All of the lines below are to be transcribed faithfully, with pictures excluded from the copy.

■ Exercise data ■
==============================

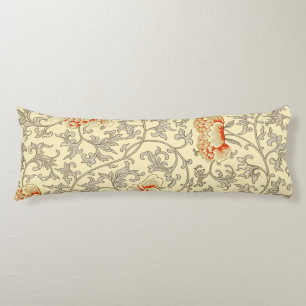 Vintage Pink Grey Botanical Floral Body Pillow
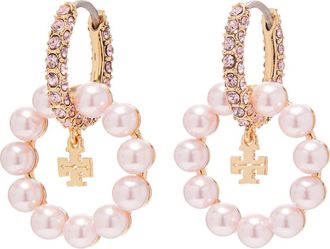 Tory Burch Moondance Faux Pearl Hoop Earrings in Pink at Nordstrom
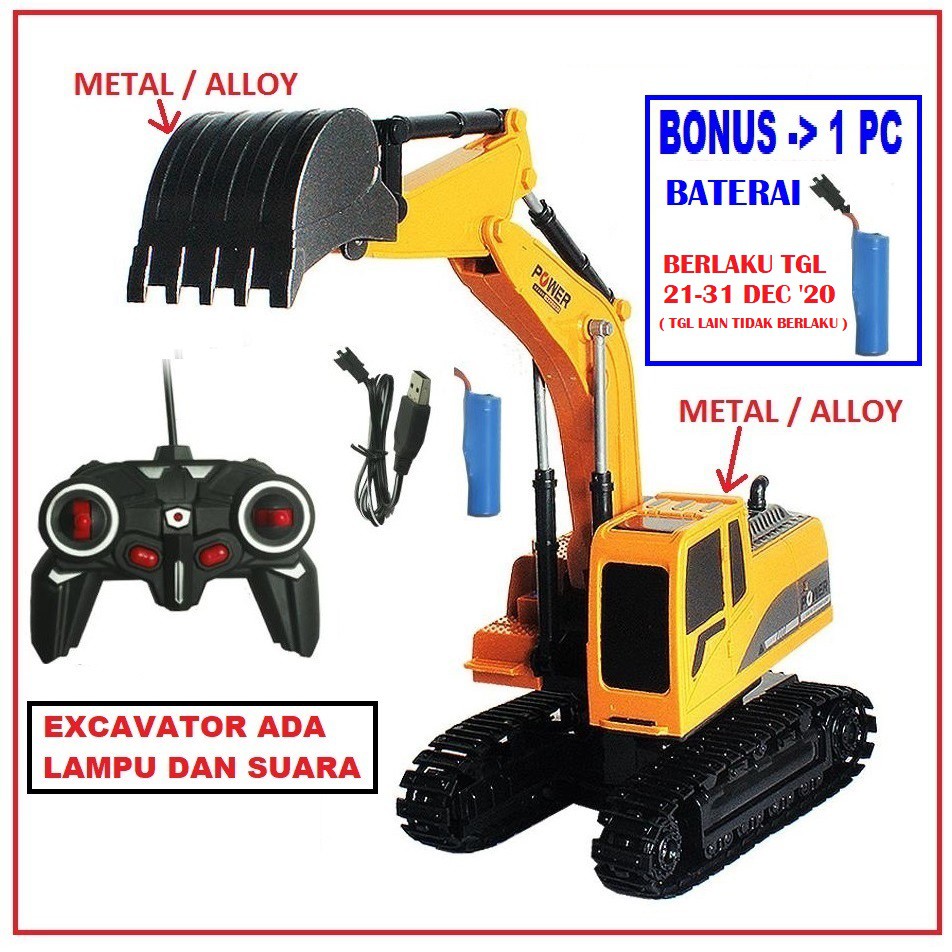 ADA BONUS - MAINAN ANAK EDUKASI BELAJAR RC EXCAVATOR 6 CH - REMOTE CONTROL TRUCK BELCO beko DONGKRAK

==============================

■ Result ■
 Vintage Pink Grey Botanical Floral Body Pillow
 Tory Burch Moondance Faux Pearl Hoop Earrings in Pink at Nordstrom
 ADA BONUS - MAINAN ANAK EDUKASI BELAJAR RC EXCAVATOR 6 CH - REMOTE CONTROL TRUCK BELCO beko DONGKRAK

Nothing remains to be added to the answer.